Branch prediction

On a superpipelined processor, correct branch prediction is a very important thing: each time the processor mispredict a branch, the long pipeline is filled with incorrect data, wasting time and power.

While AMD has not officially disclosed Bulldozer pipeline length, from the misprediction latency it seems that it is about 50% longer then PhenomII one. In order to maintain acceptable performance, AMD significantly improved its branch prediction logic. How things add up? Anand @ run a AIDA 64 Queen test on some systems with only one core enabled. This enable us to evaluate single-threaded branch prediction efficiency:

Bulldozer AIDA 64 Queen single-thread

You can see that Bulldozer is noticeably slower then K10, nor to mention Sandy Bridge. However, taking into account the increased pipeline length, branch prediction logic seems slightly improved over K10 design.

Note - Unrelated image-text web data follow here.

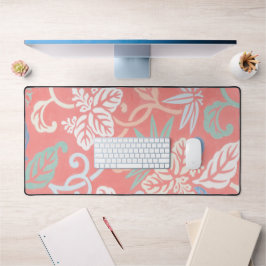 Perzik roze  bloemmotief bureau mat pad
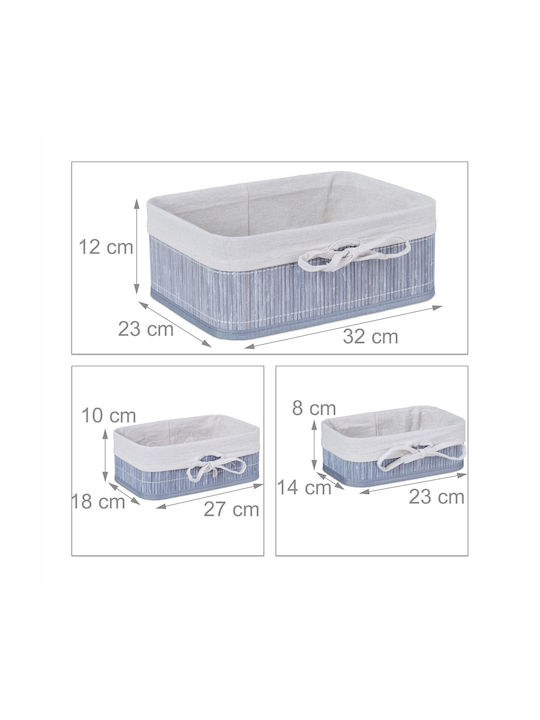 Relaxdays Hölzernes Aufbewahrungsbox mit Deckel Gray 3Stück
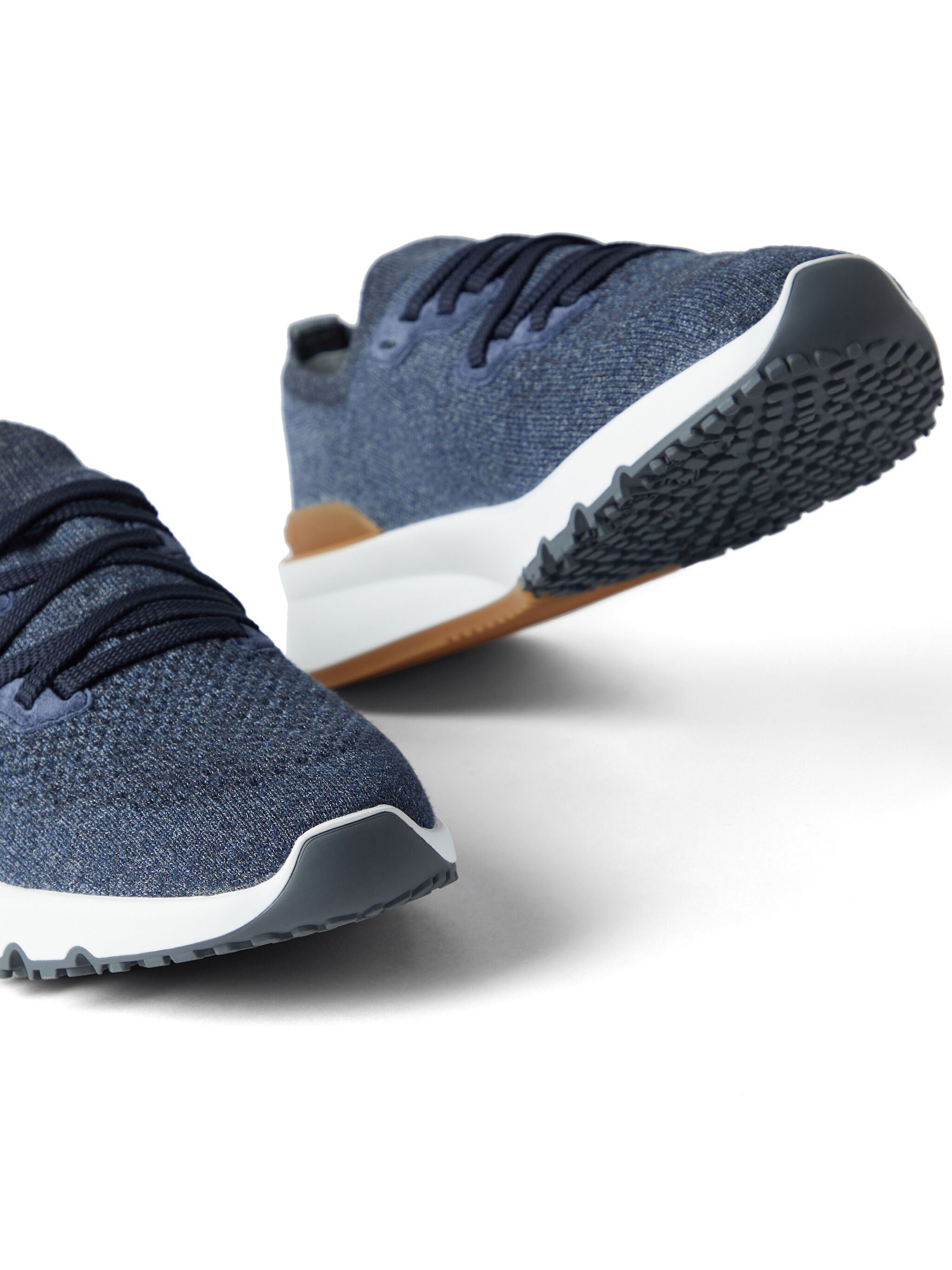 Navy Breathable Knit Runner Sneakers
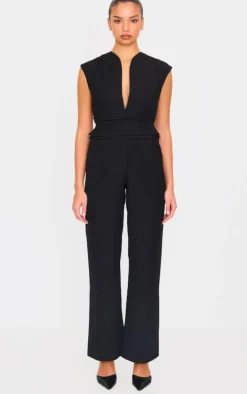 Black Premium Woven Sleeveless Waist Detail Straight Leg Jumpsuit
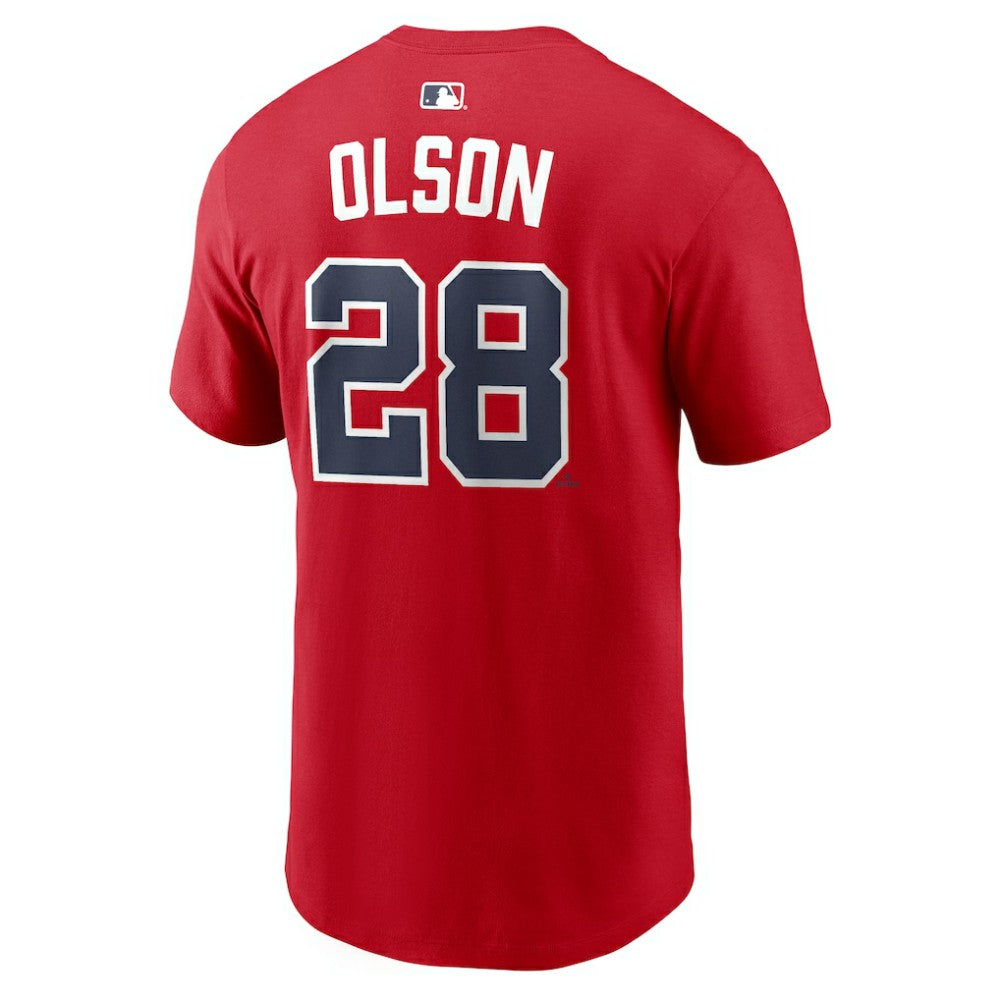 Matt Olson Atlanta Braves Home Name & Number T-Shirt Red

What happens if we throw more threads at the problem? review give us the response:

Bulldozer AIDA 64 Queen multi-thread

Providing the Bulldozer architecture with more threads significantly improve aggregate performance. But wait a moment – this test is branch, not ALU, bound, and Bulldozer only has a single decoder per module, yet aggregate performance are 58% better then simply quadrupling single-thread ones. Why multithreaded results are so better? The answer lies in the fact that by working on two threads at time, the decoder can better masks some of the cache/memory latencies, resulting in better performance. You can see that a very similar things happen for Intel processor with HT enabled, but at a lesser extent: L2 is very fast on Sandy bridge, so the gain is in the range of “only” 34%.

Altogether, while branch prediction is not at Sandy Bridge level, it is clear then Bulldozer is a noticeably improvement over K10 in this area. However branch-rich code can be impaired by the high L2 latency.